At 10% simple interest, the $1000 investment amounted to $1300 after 3 years. Only the principal earns interest which is $100 per year.
 

000-simple-interest.gif

 

At 10% compounded yearly, the $1000 initial investment amounted to $1331 after 3 years. The interest also earns an interest.
 

000-compound-interest.gif

 

Elements of Compound Interest
$ P $ = principal, present amount
$ F $ = future amount, compound amount
$ i $ = interest rate per compounding period
$ r $ = nominal annual interest rate
$ n $ = total number of compounding in t years
$ t $ = number of years
$ m $ = number of compounding per year

$ i = \dfrac{r}{m} $   and   $ n = mt $

 

Future amount,

$ F = P(1 + i)^n $   or   $ F = P\left(1 + \dfrac{r}{m} \right)^{mt} $

The factor   $ (1 + i)^n $   is called single-payment compound-amount factor and is denoted by   $ (F/P, \, i, \, n) $.
 

Present amount,

$ P = \dfrac{F}{(1 + i)^n} $

The factor   $ \dfrac{1}{(1 + i)^n} $   is called single-payment present-worth factor and is denoted by   $ (P/F, \, i, \, n) $.
 

Number of compounding periods,

$ n = \dfrac{\ln (F / P)}{\ln (1 + i)} $

 

Interest rate per compounding period,

$ i = \sqrt[n]{\dfrac{F}{P}} - 1 $

 

Values of   $ i $   and   $ n $
In most problems, the number of years   $ t $   and the number of compounding periods per year   $ m $   are given. The example below shows the value of   $ i $   and   $ n $.

Example
Number of years,   $ t = 5 \text{ years} $
Nominal rate,   $ r = 18\% $

  • Compounded annually ($ m = 1 $)

    $ n = 1(5) = 5 $

    $ i = 0.18 / 1 = 0.18 $

  • Compounded semi-annually ($ m = 2 $)

    $ n = 2(5) = 10 $

    $ i = 0.18 / 2 = 0.09 $

  • Compounded quarterly ($ m = 4 $)

    $ n = 4(5) = 20 $

    $ i = 0.18 / 4 = 0.045 $

  • Compounded semi-quarterly ($ m = 8 $)

    $ n = 8(5) = 40 $

    $ i = 0.18 / 4 = 0.0225 $

  • Compounded monthly ($ m = 12 $)

    $ n = 12(5) = 60 $

    $ i = 0.18 / 12 = 0.015 $

  • Compounded bi-monthly ($ m = 6 $)

    $ n = 6(5) = 30 $

    $ i = 0.18 / 6 = 0.03 $

  • Compounded daily ($ m = 360 $)

    $ n = 360(5) = 1800 $

    $ i = 0.18 / 360 = 0.0005 $

 

Continuous Compounding (m → )
In continuous compounding, the number of interest periods per year approaches infinity.

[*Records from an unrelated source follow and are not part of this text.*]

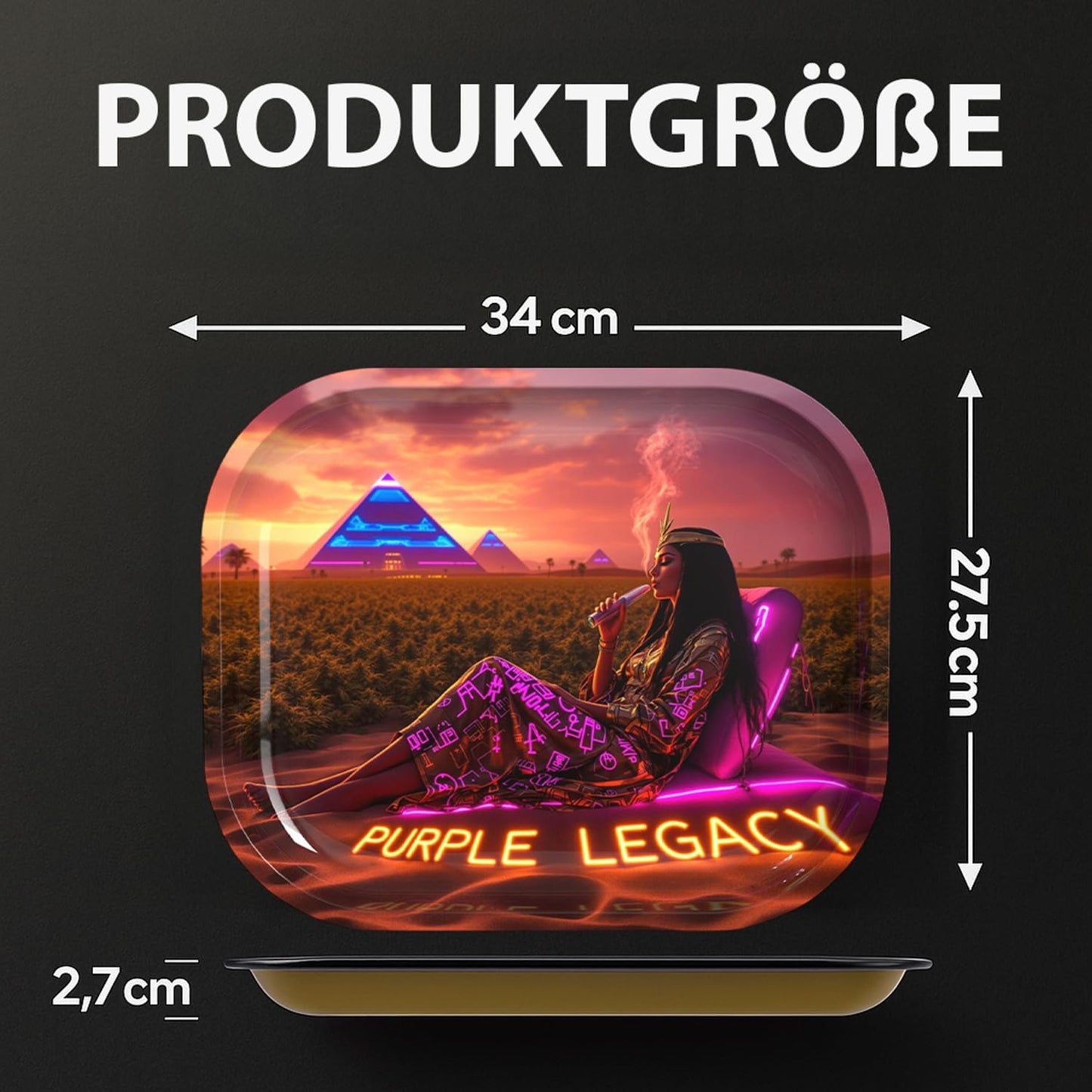 PURPLE LEGACY® Unterlage 34 × 27,5 × 2,7 cm | Metallblech | Ägyptisch-Cyberpunk-Design | Praktisches Tablett mit abgerundeten Ecken (Desert Field Big)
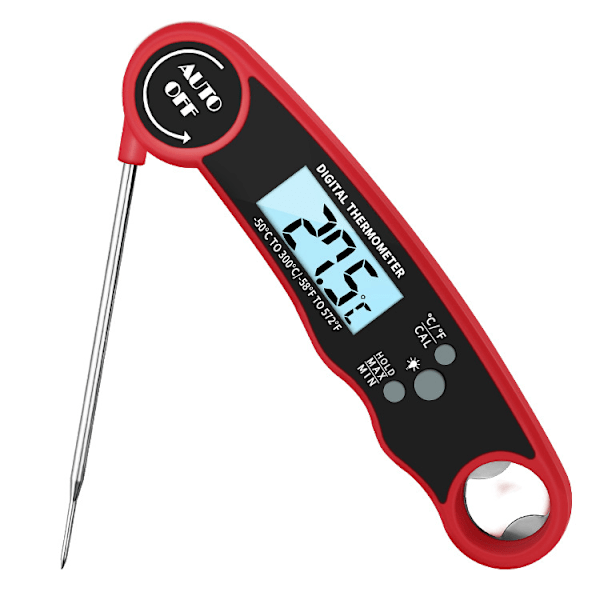 Foldable Kitchen Thermometer (Red), 3 Second Instant Read Cookin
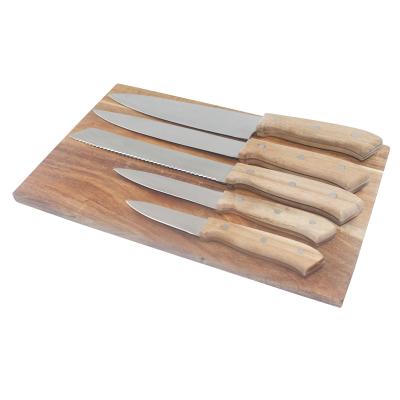 China 2021 S/S Disposable Stainless Steel Multifunctional Kitchen Knife With Wooden Handle And Knife Cutting Board for sale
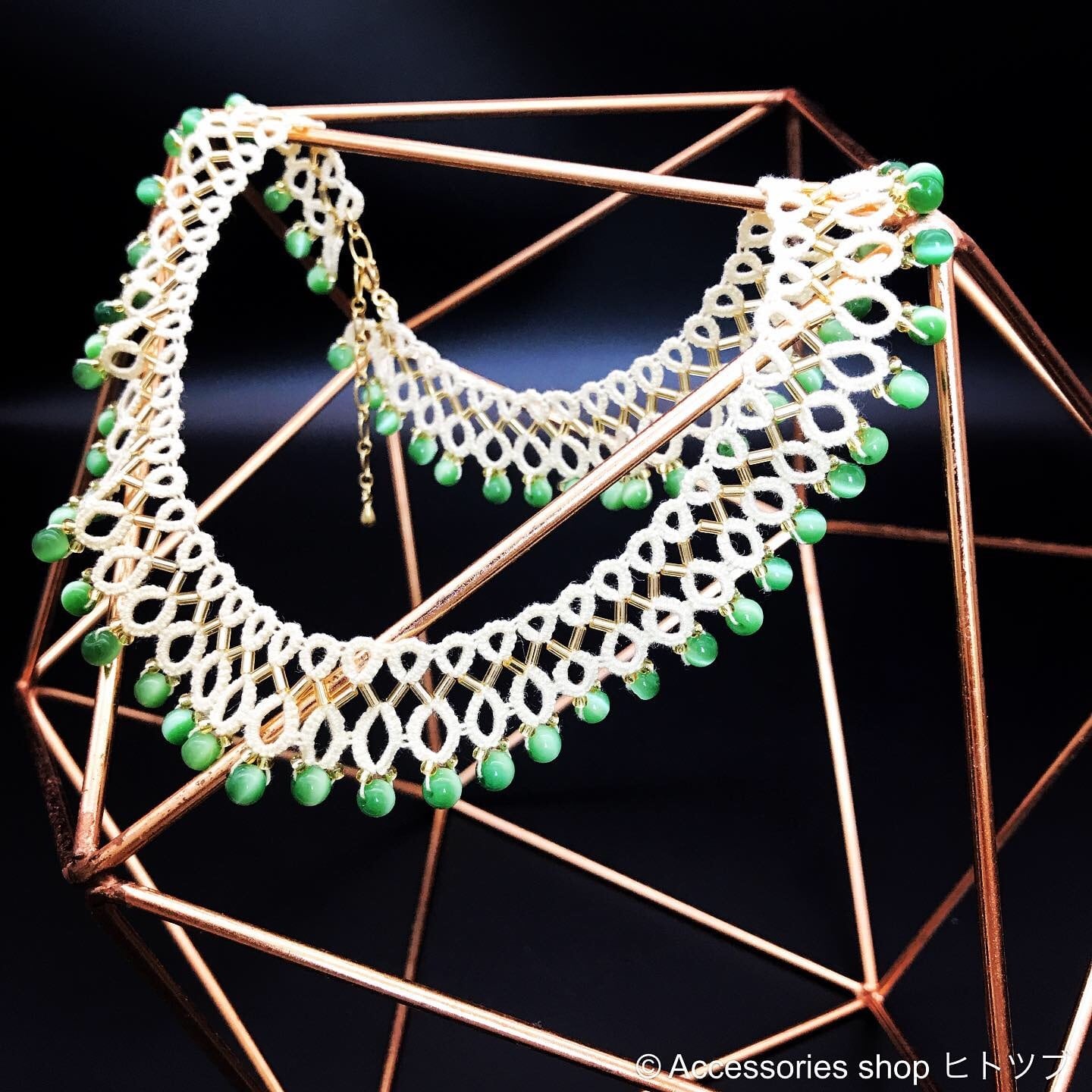 0170:グリーン クラシカルな付け襟風ネックレス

From the equation
$ F = \left( 1 + \dfrac{r}{m} \right)^{mt} $
 

when   $ m \to \infty $,   $ mt = \infty $,   and   $ \dfrac{r}{m} \to 0 $.   Hence,
$ \displaystyle F = P \lim_{m \to \infty}\left( 1 + \dfrac{r}{m} \right)^{mt} $
 

Let   $ x = \dfrac{r}{m} $.   When   $ m \to \infty $,   $ x \to 0 $,   and   $ m = \dfrac{r}{x} $.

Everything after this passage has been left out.